/lha

LHa for UNIX - Note: This software is licensed under the ORIGINAL LICENSE. It is written in man/lha.n in Japanese

Primary LanguageC

LHa for UNIX with Autoconf

Translated by Koji Arai with www.DeepL.com/Translator (free version)

This file describes changes of the Autoconf version of the LHa for UNIX.

How to compile

The compilation procedure is as follows.

gzip -dc lha-1.14i-acXXXXXXXX.tar.gz | tar xvf -
cd lha-114i-acXXXXXXXX

sh ./configure
make
make check
make install

MinGW support is in alpha. It has not been tested much (I only confirmed to success "make check"). To try out the MinGW version under Cygwin, use the:

sh ./configure \
            --build=i686-pc-mingw32 \
            --host=x86_64-w64-mingw32 \
            --with-tmp-file=no

Note: In Windows environments such as Cygwin and MinGW, make check may fail if you compile in a deep directory. This is because the full path length limit of Windows is exceeded when checking for long path test. In this case, run configure in a shallow directory as follows

cd /tmp/build
sh ~/src/lha/configure ....
make
make check
make install

If autoconf/automake is installed and you want to maintain lha source, configure.ac and Makefile.am, follow the steps below. The version of autoconf/automake is assumed to be autoconf 2.5x or later and automake 1.6.x or later.

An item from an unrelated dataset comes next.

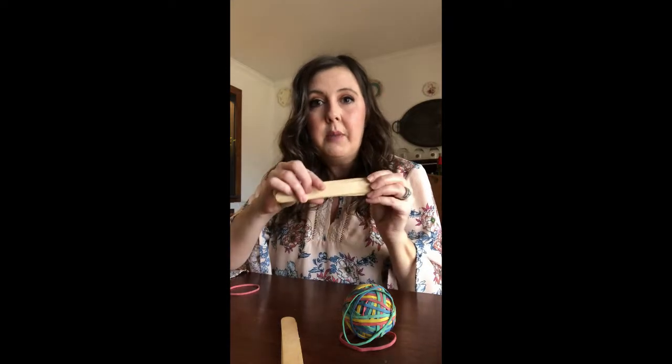Hey guys, Ms. Smith here coming to you from home with a quick tutorial on how to make your own catapult. All you need for this project are some popsicle sticks and some rubber bands — you're actually going to need six to seven popsicle sticks and five rubber bands.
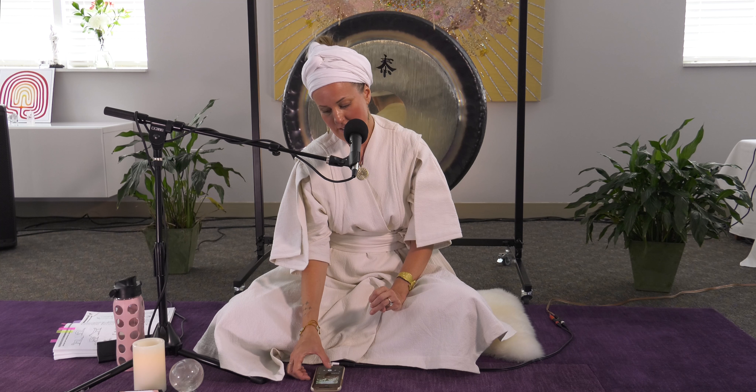I encourage you to try to practice as best as you can. Do not do anything that's going to cause any pain on your body, and move at a nice pace. If you have any forms of injury, just go gently. The most important part of this whole practice, as I said, is your breath.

gzip -dc lha-1.14i-acXXXXXXXX.tar.gz | tar xvf -
cd lha-114i-acXXXXXXXX

aclocal
autoheader
automake -a
autoconf

# Above steps from aclocal to autoconf can replace with `autoreconf -is`

sh ./configure
make
make check
make install

Changes from the original

The Autoconf version of the LHa for UNIX has been modified based on the LHa for UNIX ver1.14i http://www2m.biglobe.ne.jp/~dolphin/lha/lha.htm

The main changes are listed below.

-lh6-, -lh7- methods

In the original LHa for UNIX 1.14i, if you compile without defining the SUPPORT_LH7 macro, it was not possible to archive with -lh6- and -lh7- methods. This is not a problem, but when the SUPPORT_LH7 is defined, the -lh7- method is created by default. So, to make it more flexible for lha users to choose these methods:

  • SUPPORT_LH7 should always be defined.
  • default archive method can be specified with the configure option --with-default-method=[567].

The default value of this configure option is -lh5-. The command line option of lha, -o6 or -o7 options can create -lh6- or -lh7- archives at using time, and the configure option can change the default method.

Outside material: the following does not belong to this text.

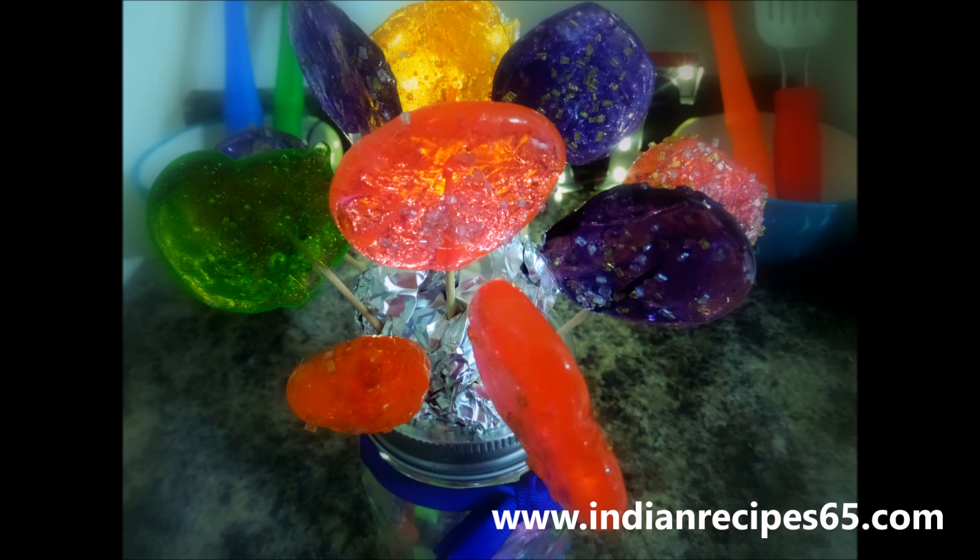Let it just cool off and let it harden. Once it gets hard, you can see the lollipops are ready. Now let it dry and the lollipops are ready.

Filename encoding in the archive

The original LHa for UNIX 1.14i is careless about encoding of filenames in archives.

Even when the MULTIBYTE_CHAR macro is defined at compile time, it does not convert encoding between filenames in the archive and the system filename.

In the autoconf version, the configure option --enable-multibyte-filename allows the use of Japanese Kanji filename. it considers encoding of filenames stored in the archive as fixed to Japanese Shift JIS (it is specs of LHA).

The value of --enable-multibyte-filename is specifying Japanese Kanji character encoding of the system filename. These are follows:

--enable-multibyte-filename=sjis
      Specifies filename encoding of the system as Shift_JIS.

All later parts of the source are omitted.